Facebook Messages should be optional

Editorial Board

Your daily dose of “Farmville,” “MafiaWars,” LOLcat postings or political rantings may recently have been interrupted with Facebook’s announcement of a new feature: Facebook Messages. No, not the messaging service Facebook has provided since 2006, but a new take on messaging that, so says its marketing team, is revolutionary in its simplicity and integration.

Facebook’s new messaging service combines the functions of SMS, e-mail, instant messaging and its former messaging service into one interface. Its communication revolution involves a simplification of the messaging process: dropping subject lines, CC: and BCC: fields and erasing the boundaries between multiple media.

While Facebook can pat itself on the back for offending the traditional means of communication, a prerequisite to labeling something a new-media technology, their innovation is deeply flawed. Communication is a context sensitive process. When we send e-mails, text messages or instant messages, we do so with different levels of urgency, formality and content. Our ability to control our contact with these different media allow us to organize our lives socially, professionally and topically. Blurring these boundaries is unlikely to be a welcome revolution for those of us who live multi-faceted lives and don’t need our grandmothers texting us their e-mail forwards.

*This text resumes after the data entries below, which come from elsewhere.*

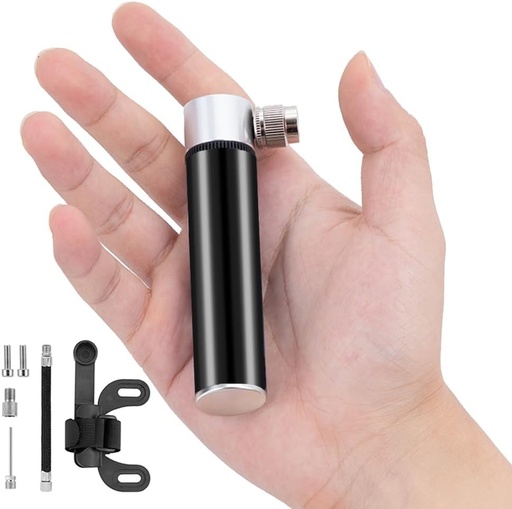 Pompă de bicicletă mini portabilă Kardne, aluminiu, 120 PSI, pentru valve Presta și Schrader, include furtun și ace de gaz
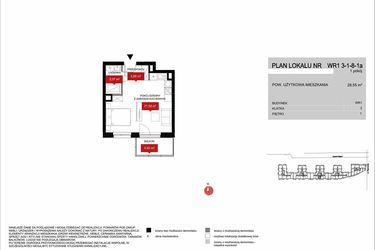 Rzut - Mieszkanie na sprzedaż 1 pokój o powierzchni 28,55 m² - numer WR1 3/1/8/1a w Przystań Reymonta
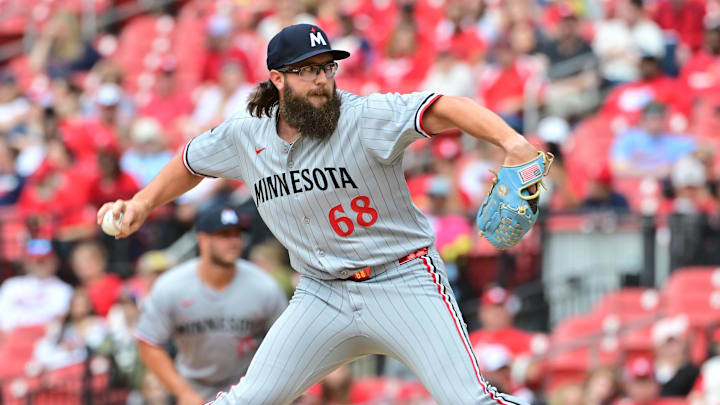 Mar 30, 2025; St. Louis, Missouri, USA; Minnesota Twins pitcher Randy Dobnak (68) throws a pitch in the fifth inning against the St. Louis Cardinals at Busch Stadium.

Facebook also promises to separate your bank statements from your party invitations. Yes, read that again: Facebook thinks we trust it with bank statements. For a service that has a poor track record of privacy and data ownership, and is friendlier to its third-party developers than its users, the idea of sensitive financial information circulating through its servers gives pause to even enthusiastic social networkers.

Finally, Facebook’s revolution seems shockingly similar to the evolution of Google’s Gmail service. With more than eight years of development, Google has incorporated SMS, video chat, IM and phone service into Gmail, all with a better track record of security, and less frivolous social network fluff — Buzz not withstanding.

The need for a website that started as a way to deepen social connections around campus to constantly reinvent itself and pry into new areas of our social lives is frustrating and, to some of us, violating. Features are rolled out behind a veil of flashy corporate marketing phrases and technocratic jargon, without enough knowledge or agency given to the user to judge its impact.

If tech companies want to seriously prioritize the user’s privacy and promote more informed usage of online services, they can do so with a few easy steps.

First, services like Facebook Messages should be an opt-in service. If you want the service turned on, you should need to actively do it yourself, not have it thrust upon you and search for the option to turn it off, if indeed it exists. Next, adequate information should be given on the privacy and ownership of your information and your ability to remove it in the future. Finally, an independent watchdog group should be set up to verify and report on claims of privacy, and advise users on sharing information with increasingly intrusive and far reaching services.